Based on its current ambitions, China's space program will carry out a Mars mission in July and will include the deployment of an orbital vehicle to study the red planet, a remotely operated rover to explore its surface.

On the other hand, its rival, the US, has also scheduled another rover mission for Mars this summer - a prime time for an optimum journey from Earth to the distant planet due to their relative orbits around the sun.

China's National Space Administration (CNSA) has named its Mars exploration mission "Tianwen-1," which literally means Questions to Heaven, or Heavenly Questions, taken from a popular poem written by the well-known Chinese poet Qu Yuan.

The planetary voyage, which Beijing has poured billions of dollars in, seeks to catch up with the US, Russia, India and the European Union and aims to complete orbiting, landing and roving in one mission.

The National Aeronautics and Space Administration's 2020 March mission is set sometime between July 17 and August 5. On top of the rover Perseverance, NASA plans to send a small aerial surveillance vehicle called Ingenuity, which will search for areas for the rover to study and explore, and how to land there.

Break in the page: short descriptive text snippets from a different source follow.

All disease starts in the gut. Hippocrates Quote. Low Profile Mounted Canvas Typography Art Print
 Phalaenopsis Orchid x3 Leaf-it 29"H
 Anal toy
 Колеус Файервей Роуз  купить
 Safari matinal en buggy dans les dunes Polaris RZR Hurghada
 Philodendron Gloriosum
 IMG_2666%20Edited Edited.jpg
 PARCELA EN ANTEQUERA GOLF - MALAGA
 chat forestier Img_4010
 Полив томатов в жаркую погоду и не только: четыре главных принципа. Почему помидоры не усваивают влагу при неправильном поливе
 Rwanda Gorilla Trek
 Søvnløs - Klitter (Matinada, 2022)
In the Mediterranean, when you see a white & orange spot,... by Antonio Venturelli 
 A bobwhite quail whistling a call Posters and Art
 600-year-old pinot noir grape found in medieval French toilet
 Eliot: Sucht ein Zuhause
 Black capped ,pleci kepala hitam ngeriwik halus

China has successfully deployed two robotic rovers to the moon in 2013 and last year, as part of the space program's Chang'e Exploration.

The country's bold space odyssey in the coming months includes a manned moon mission and a national manned space station. This year's Mars missions, when the moon's distance is shortest from the Earth, will run from late July to early September.

It will take many months to travel the approximately 55 million kilometers distance between Earth and Mars, which constantly changes because of the two planets' orbital alignments.

China has already undertaken a similar space mission to the moon, and in January last year successfully landed a small robotic rover on the dark side of the moon's region, becoming the first country to attain such feat.

In contrast, the US space agency has released a new guideline and proposal for continued international collaboration in space missions, particularly in the establishment of a more permanent human presence on the lunar surface.

NASA is also optimistic about bringing back human space launch capabilities, with a demonstration launch of astronauts onboard the Crew Dragon spacecraft of SpaceX on Wednesday.

The Mars mission is one of the many space endeavors that China is working on to validate its reputation as among the world's best. The US, meanwhile, has already sent four exploratory vehicles to the red planet, and plans to deploy a fifth this year.